Your goal = Copy out exactly the lines from the line containing "Vintage Floral Glass Lid Bowl" to the end of the listing.

▬▬▬▬▬▬

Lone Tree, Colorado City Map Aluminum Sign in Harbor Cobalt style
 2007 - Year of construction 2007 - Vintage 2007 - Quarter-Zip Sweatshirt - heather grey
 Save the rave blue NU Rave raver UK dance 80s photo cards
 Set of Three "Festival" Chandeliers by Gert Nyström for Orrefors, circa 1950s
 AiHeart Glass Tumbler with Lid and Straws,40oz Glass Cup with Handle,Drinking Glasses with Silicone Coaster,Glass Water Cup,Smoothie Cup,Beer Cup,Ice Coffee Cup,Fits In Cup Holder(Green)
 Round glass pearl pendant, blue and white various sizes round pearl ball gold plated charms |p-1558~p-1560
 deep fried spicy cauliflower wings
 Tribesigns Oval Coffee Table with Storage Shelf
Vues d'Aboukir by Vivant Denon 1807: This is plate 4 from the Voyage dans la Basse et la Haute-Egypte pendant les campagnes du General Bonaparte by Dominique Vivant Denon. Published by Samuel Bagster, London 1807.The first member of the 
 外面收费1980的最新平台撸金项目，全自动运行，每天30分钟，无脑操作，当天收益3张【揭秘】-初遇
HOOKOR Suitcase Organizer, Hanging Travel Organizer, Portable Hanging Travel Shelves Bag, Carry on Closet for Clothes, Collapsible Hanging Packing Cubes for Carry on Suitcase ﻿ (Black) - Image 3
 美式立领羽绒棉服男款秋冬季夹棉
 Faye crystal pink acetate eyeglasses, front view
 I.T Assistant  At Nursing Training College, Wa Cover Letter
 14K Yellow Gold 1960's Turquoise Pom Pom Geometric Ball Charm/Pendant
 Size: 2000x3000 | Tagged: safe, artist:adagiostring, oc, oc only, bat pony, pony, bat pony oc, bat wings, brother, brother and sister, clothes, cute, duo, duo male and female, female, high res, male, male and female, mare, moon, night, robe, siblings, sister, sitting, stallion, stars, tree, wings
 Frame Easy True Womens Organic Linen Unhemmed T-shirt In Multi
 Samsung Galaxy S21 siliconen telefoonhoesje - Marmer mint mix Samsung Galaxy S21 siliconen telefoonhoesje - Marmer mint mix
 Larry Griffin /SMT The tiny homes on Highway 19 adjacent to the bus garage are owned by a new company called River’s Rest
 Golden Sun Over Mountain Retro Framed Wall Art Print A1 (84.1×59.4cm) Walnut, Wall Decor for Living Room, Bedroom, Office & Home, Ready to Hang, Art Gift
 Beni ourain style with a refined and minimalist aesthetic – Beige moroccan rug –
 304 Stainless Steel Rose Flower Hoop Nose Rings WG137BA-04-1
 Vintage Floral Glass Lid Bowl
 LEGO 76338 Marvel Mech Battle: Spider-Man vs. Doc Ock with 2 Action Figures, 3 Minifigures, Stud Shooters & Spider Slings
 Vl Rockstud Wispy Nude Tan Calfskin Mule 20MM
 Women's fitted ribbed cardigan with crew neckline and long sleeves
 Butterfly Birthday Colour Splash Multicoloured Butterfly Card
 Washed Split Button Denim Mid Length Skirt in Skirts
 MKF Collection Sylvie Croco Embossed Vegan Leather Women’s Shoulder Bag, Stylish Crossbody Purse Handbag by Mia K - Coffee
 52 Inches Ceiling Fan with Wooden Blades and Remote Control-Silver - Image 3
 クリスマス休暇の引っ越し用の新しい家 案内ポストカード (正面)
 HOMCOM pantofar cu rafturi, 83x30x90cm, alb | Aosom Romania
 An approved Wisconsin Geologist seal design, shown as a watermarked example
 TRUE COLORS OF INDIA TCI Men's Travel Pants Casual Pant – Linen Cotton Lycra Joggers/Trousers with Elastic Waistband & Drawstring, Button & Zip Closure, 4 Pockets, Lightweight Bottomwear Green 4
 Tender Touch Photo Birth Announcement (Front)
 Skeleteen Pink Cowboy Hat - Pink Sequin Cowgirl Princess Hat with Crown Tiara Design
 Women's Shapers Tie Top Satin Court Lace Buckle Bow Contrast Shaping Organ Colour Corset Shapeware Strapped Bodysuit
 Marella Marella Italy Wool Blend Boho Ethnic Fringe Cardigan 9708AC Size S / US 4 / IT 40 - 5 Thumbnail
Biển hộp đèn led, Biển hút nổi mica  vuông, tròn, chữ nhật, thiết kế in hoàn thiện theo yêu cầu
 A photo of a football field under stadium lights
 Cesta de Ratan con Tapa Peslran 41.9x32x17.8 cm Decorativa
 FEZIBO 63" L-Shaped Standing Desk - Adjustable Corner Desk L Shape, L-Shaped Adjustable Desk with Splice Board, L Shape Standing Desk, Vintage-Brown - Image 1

▬▬▬▬▬▬

Result of this task =
 Vintage Floral Glass Lid Bowl
 LEGO 76338 Marvel Mech Battle: Spider-Man vs. Doc Ock with 2 Action Figures, 3 Minifigures, Stud Shooters & Spider Slings
 Vl Rockstud Wispy Nude Tan Calfskin Mule 20MM
 Women's fitted ribbed cardigan with crew neckline and long sleeves
 Butterfly Birthday Colour Splash Multicoloured Butterfly Card
 Washed Split Button Denim Mid Length Skirt in Skirts
 MKF Collection Sylvie Croco Embossed Vegan Leather Women’s Shoulder Bag, Stylish Crossbody Purse Handbag by Mia K - Coffee
 52 Inches Ceiling Fan with Wooden Blades and Remote Control-Silver - Image 3
 クリスマス休暇の引っ越し用の新しい家 案内ポストカード (正面)
 HOMCOM pantofar cu rafturi, 83x30x90cm, alb | Aosom Romania
 An approved Wisconsin Geologist seal design, shown as a watermarked example
 TRUE COLORS OF INDIA TCI Men's Travel Pants Casual Pant – Linen Cotton Lycra Joggers/Trousers with Elastic Waistband & Drawstring, Button & Zip Closure, 4 Pockets, Lightweight Bottomwear Green 4
 Tender Touch Photo Birth Announcement (Front)
 Skeleteen Pink Cowboy Hat - Pink Sequin Cowgirl Princess Hat with Crown Tiara Design
 Women's Shapers Tie Top Satin Court Lace Buckle Bow Contrast Shaping Organ Colour Corset Shapeware Strapped Bodysuit
 Marella Marella Italy Wool Blend Boho Ethnic Fringe Cardigan 9708AC Size S / US 4 / IT 40 - 5 Thumbnail
Biển hộp đèn led, Biển hút nổi mica  vuông, tròn, chữ nhật, thiết kế in hoàn thiện theo yêu cầu
 A photo of a football field under stadium lights
 Cesta de Ratan con Tapa Peslran 41.9x32x17.8 cm Decorativa
 FEZIBO 63" L-Shaped Standing Desk - Adjustable Corner Desk L Shape, L-Shaped Adjustable Desk with Splice Board, L Shape Standing Desk, Vintage-Brown - Image 1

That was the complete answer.